>>>>

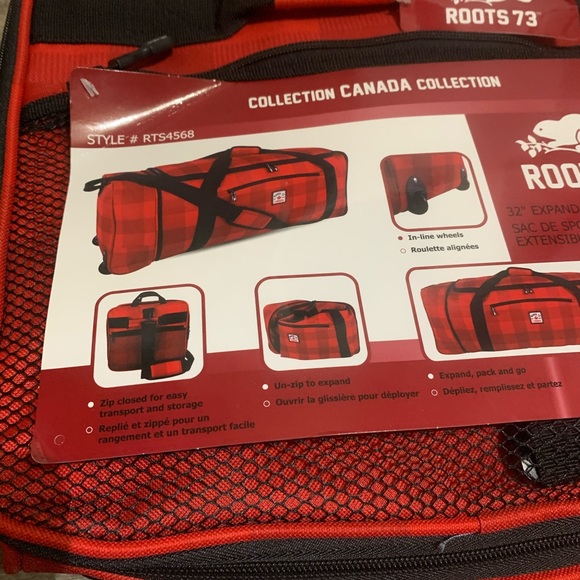 Roots Bags Nwt Roots 73 Expandable Rolling Duffle Poshmark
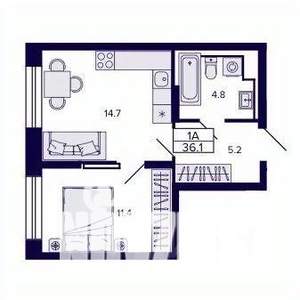 1-к квартира, строящийся дом, 36м2, 11/30 этаж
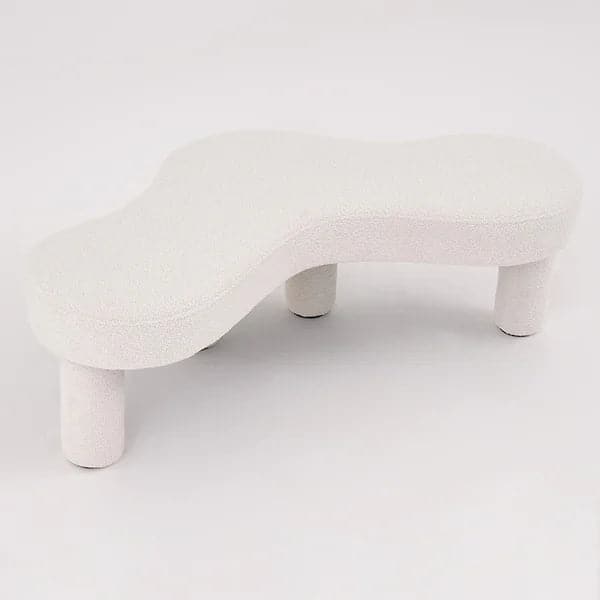 Modern White Bedroom Bench Boucle Tufted Long Bench with 4 Legs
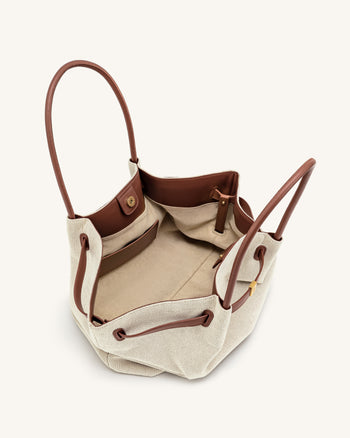 Hana Borsa tote grande - Tela marrone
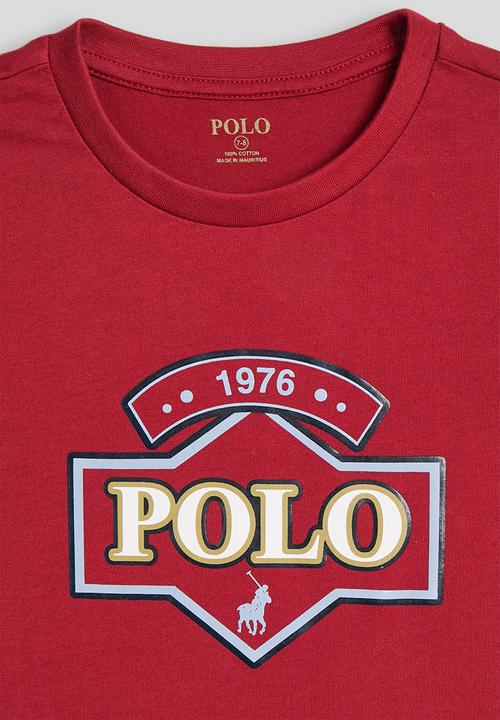 POLO - Boys Calvin Printed Short Sleeve Tee - Dark Red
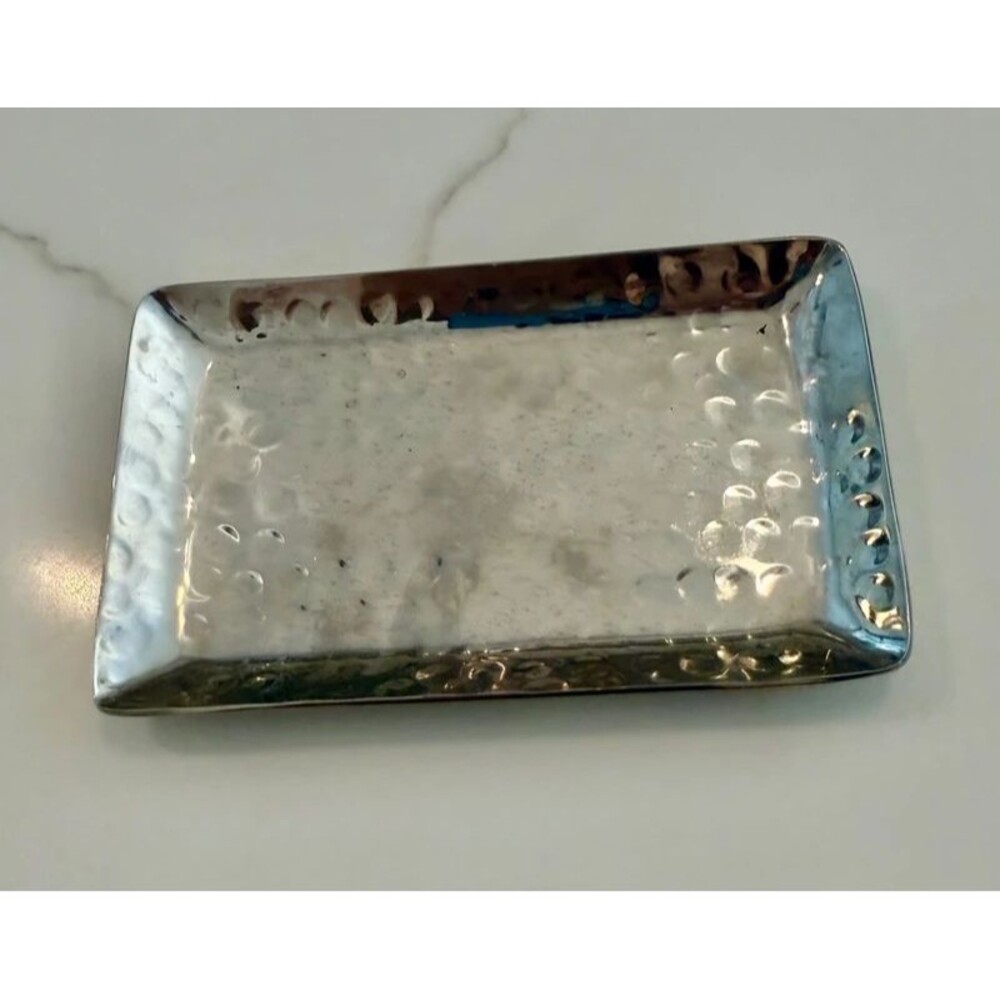 Rectangular hammered metal tray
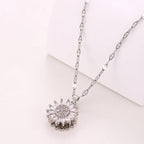 Silver Zircon Flower Pendant Necklace c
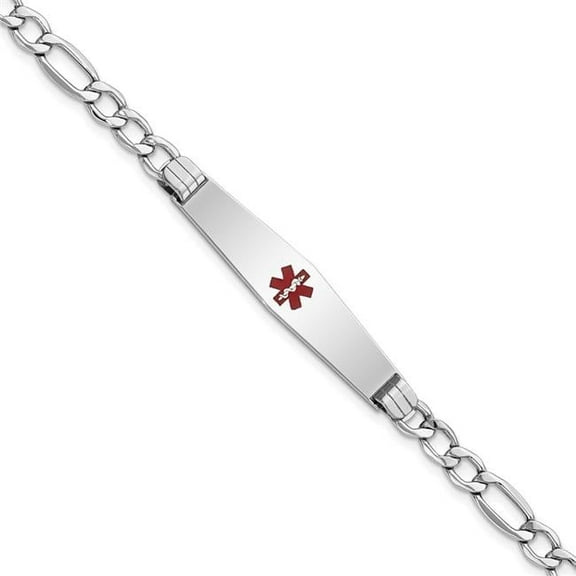 Primal Gold 14 Karat White Gold Semi-Solid Medical Soft Diamond Shape Red Enamel Figaro ID Bracelet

<<<<

[WORK REQUIRED] For this exercise, output the records exactly but omit their pictures.

[YOUR SOLUTION]
 Roots Bags Nwt Roots 73 Expandable Rolling Duffle Poshmark
 1-к квартира, строящийся дом, 36м2, 11/30 этаж
 Modern White Bedroom Bench Boucle Tufted Long Bench with 4 Legs
 Hana Borsa tote grande - Tela marrone
 POLO - Boys Calvin Printed Short Sleeve Tee - Dark Red
 Rectangular hammered metal tray
 Silver Zircon Flower Pendant Necklace c
 Primal Gold 14 Karat White Gold Semi-Solid Medical Soft Diamond Shape Red Enamel Figaro ID Bracelet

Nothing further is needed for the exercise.